The idea behind the support vector network was previously implemented for the restricted case where the training data can be separated without errors. Cortes et al. [35] extend the result to non-separable training data. High generalization ability of support vector networks utilizing polynomial input transformations is demonstrated. They also compare the performance of the support vector network to various classical learning algorithms that all took part in a benchmark study of optical character recognition. Joachims [36] explores the use of support vector machines (SVMs) for learning text classifiers from examples. It analyzes the particular properties of learning with text data and identifies why SVMs are appropriate for this task. Empirical results support the theoretical findings. SVMs achieve substantial improvements over the currently best performing methods and behave robustly over a variety of different learning tasks. Furthermore, they are fully automatic, eliminating the need for manual parameter tuning. LIBSVM is a library for SVMs. The goal is to help users to easily apply SVM to their applications. LIBSVM has gained wide popularity in machine learning and many other areas. Chang et al. [37] present all implementation details of LIBSVM. Issues such as solving SVM optimization problems, theoretical convergence, multiclass classification, probability estimates, and parameter selection are discussed in detail.

The choice of the kernel function is crucial to most applications of SVMs. However, Leopold et al. [38] show that, in the case of text classification, term-frequency transformations have a larger impact on the performance of the SVM than the kernel itself. They discuss the role of importance weights (e.g., document frequency and redundancy), which is not yet fully understood in the light of model complexity and calculation cost, and they show that time-consuming lemmatization or stemming can be avoided even when classifying a highly inflectional language like German.

3 Method

3.1 Text preprocessing

The text belongs to unstructured data, which cannot be directly processed by a computer. It must go through a series of processing steps to transform the text into information that can be recognized and processed by the computer. In view of the particularity of Chinese, text preprocessing includes three steps: Chinese word segmentation, stop word processing, and synonym replacement.
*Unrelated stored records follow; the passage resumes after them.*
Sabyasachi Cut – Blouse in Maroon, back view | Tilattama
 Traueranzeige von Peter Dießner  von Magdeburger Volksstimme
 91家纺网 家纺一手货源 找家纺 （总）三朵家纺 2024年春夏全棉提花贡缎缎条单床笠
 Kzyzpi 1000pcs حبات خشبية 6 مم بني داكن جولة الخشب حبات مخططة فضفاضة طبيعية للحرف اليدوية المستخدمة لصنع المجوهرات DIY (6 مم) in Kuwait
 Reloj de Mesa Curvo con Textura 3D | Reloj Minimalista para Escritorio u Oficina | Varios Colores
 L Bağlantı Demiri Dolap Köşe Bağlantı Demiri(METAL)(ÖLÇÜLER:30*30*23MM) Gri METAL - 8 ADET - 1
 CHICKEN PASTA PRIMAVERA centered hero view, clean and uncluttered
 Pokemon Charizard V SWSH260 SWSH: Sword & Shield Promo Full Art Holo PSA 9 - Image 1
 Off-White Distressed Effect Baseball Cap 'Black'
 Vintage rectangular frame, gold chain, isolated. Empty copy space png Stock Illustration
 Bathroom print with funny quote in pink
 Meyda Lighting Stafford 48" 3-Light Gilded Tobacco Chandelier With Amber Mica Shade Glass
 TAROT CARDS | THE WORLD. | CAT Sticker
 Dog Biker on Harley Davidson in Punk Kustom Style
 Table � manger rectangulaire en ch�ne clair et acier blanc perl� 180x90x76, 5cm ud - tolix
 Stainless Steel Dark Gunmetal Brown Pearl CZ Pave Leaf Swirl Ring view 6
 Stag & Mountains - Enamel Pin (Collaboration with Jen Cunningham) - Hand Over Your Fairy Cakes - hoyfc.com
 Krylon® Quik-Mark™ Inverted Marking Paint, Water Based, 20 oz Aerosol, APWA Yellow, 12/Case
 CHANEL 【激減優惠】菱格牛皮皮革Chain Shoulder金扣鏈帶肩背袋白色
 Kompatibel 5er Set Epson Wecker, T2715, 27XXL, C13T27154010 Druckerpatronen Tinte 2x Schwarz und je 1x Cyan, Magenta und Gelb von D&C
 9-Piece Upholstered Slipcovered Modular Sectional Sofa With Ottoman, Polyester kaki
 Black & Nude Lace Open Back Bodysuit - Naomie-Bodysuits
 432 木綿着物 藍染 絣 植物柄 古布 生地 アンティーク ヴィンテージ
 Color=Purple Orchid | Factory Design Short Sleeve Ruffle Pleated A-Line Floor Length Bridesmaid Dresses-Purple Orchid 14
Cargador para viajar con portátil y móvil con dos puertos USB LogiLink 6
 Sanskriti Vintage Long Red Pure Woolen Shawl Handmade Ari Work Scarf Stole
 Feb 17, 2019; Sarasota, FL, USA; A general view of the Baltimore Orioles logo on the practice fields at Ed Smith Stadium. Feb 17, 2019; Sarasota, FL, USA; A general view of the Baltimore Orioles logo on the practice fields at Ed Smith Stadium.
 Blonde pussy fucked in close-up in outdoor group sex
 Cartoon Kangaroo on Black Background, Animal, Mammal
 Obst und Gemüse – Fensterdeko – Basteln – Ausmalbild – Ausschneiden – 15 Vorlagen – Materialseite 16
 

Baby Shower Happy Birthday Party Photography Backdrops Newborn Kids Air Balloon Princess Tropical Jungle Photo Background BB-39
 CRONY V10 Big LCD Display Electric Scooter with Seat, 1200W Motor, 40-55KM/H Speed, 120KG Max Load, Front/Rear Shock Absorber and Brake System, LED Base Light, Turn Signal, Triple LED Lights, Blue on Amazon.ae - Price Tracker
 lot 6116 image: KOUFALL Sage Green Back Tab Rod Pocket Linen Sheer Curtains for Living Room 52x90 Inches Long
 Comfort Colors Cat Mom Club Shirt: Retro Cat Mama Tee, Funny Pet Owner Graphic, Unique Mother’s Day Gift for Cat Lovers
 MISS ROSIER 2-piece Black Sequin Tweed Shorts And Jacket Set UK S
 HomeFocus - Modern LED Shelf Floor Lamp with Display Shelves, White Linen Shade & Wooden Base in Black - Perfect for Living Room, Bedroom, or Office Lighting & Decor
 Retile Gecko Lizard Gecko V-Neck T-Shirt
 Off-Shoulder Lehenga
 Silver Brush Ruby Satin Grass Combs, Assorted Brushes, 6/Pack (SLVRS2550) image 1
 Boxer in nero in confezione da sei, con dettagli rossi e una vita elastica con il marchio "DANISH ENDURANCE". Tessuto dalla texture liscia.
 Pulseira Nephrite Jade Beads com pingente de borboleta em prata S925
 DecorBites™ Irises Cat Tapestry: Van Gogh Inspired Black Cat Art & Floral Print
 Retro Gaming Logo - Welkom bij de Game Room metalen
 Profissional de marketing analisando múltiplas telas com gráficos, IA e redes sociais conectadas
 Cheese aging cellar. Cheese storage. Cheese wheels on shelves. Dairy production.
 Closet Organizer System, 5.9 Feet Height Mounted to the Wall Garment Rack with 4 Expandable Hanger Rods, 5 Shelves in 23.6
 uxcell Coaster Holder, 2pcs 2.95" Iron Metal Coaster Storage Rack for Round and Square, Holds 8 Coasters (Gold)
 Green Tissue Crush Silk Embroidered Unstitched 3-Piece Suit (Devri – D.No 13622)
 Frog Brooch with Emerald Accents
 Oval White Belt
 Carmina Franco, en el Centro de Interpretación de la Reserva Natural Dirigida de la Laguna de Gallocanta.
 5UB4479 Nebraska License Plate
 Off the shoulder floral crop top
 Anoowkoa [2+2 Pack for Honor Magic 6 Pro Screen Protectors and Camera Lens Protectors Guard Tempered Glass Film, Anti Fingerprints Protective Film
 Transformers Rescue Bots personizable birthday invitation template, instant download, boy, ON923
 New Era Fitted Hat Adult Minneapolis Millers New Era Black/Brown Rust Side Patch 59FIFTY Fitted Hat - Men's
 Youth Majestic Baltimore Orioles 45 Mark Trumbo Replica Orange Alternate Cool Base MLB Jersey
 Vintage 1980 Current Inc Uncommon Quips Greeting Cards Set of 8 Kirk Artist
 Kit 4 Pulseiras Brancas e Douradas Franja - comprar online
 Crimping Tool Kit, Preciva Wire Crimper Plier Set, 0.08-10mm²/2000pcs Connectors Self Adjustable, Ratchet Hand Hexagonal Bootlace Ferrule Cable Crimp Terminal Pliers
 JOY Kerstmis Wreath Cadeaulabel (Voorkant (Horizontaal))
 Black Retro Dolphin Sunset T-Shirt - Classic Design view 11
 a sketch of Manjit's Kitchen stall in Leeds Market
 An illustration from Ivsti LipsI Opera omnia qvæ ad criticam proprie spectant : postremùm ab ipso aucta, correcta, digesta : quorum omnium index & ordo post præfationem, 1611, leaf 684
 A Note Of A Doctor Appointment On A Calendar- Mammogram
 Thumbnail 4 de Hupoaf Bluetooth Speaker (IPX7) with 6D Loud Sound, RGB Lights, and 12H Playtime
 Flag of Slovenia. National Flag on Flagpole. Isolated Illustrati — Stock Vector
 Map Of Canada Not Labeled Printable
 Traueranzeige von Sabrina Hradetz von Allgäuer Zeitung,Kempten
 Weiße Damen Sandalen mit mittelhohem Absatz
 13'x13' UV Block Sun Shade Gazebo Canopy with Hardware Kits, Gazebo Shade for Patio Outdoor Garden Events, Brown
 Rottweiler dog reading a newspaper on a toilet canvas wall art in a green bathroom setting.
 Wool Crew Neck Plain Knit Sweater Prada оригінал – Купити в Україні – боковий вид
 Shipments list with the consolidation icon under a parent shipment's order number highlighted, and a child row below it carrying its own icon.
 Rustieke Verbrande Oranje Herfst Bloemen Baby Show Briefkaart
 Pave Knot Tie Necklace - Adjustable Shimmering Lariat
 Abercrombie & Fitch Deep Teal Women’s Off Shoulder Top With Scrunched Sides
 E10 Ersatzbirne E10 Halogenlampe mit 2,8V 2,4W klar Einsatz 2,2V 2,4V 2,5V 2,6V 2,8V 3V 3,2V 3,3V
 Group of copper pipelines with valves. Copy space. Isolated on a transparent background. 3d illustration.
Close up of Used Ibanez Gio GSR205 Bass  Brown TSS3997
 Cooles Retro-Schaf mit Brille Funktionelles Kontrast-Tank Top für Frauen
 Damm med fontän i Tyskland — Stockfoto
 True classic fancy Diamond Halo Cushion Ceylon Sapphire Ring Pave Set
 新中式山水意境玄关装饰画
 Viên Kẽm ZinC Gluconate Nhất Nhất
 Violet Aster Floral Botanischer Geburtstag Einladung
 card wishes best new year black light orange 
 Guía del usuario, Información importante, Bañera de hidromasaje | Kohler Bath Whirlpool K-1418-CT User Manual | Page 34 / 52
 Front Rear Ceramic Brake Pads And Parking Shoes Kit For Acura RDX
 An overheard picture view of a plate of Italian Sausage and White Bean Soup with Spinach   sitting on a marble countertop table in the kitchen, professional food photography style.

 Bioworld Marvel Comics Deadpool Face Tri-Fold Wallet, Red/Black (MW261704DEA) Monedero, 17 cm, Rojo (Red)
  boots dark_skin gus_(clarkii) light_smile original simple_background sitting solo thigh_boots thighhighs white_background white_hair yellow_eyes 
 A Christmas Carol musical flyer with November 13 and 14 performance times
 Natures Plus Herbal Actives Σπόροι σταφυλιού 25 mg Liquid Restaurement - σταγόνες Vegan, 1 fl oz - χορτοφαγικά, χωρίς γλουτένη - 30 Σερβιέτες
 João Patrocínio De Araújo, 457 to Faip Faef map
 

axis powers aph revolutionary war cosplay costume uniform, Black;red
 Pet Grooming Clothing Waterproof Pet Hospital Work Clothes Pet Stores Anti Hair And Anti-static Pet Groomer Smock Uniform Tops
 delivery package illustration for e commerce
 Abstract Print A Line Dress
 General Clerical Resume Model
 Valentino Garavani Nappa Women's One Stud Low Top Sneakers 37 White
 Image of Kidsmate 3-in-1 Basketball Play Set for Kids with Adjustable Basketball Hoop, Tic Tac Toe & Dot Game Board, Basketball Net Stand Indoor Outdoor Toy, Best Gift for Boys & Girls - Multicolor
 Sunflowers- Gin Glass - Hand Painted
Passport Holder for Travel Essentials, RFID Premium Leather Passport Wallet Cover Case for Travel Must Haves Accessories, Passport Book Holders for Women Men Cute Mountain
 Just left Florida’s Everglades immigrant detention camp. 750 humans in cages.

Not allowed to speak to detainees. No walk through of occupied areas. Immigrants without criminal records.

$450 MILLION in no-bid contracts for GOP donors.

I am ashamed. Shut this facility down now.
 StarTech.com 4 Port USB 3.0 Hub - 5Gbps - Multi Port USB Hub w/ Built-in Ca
English words are separated by spaces. Compared with English, the Chinese structure is more complex without any obvious separation mark between words. Therefore, the first step in text preprocessing is to carry out Chinese word segmentation by separating sentences in the text by words. Some of the common segmentation algorithms [39] are word segmentation based on semantic understanding, word segmentation based on probability statistics, and word segmentation based on specific string matching. A stop word is defined as a word that often appears in text but does not have a practical meaning. These words only serve as an auxiliary expression and are not distinguished strongly from one other; therefore, they need to be deleted before classification. Sebastiani et al. [40] pointed out that if a word in the current dataset exceeds the threshold set by the system, it is considered to be a stop word and deleted. The expression of Chinese is abundant. To increase the readability of the article, the author generally expresses the same meaning in a variety of ways. There are many synonyms in articles, which increase the diversity of words and spread the words out. Therefore, synonym replacement can make words more concentrated and improve the accuracy of text classification.

3.2 Feature selection

After preprocessing, the text will retain a number of feature items, which will lead to excessive dimensions, cause noise, and affect the accuracy of the calculation. Therefore, feature selection is important, which is the selection of feature items with a strong distinction between text categories from a large number of feature items. The existing feature selection methods have document frequency (DF), information gain (IG), mutual information (MI), chi-squared test, expected cross entropy (ECE), weight of evidence for text (WET), and so on. However, these commonly used feature selection methods have some shortcomings. It is reasonable for the information gain method to consider the situation that the feature items do not appear, but too much consideration of the negative correlation between feature items and the text will interfere with the classification. Moreover, the information gain method takes the training set as a whole and does not distinguish among different categories. The mutual information method ignores the frequency of feature items when calculating the number of texts in which the feature item appears, and it is easy to select some rare words. To overcome the shortcomings of these methods, in this paper, we introduce the concepts of inter-class concentration degree, intra-class dispersity degree, and intra-class frequency and propose a new feature selection method.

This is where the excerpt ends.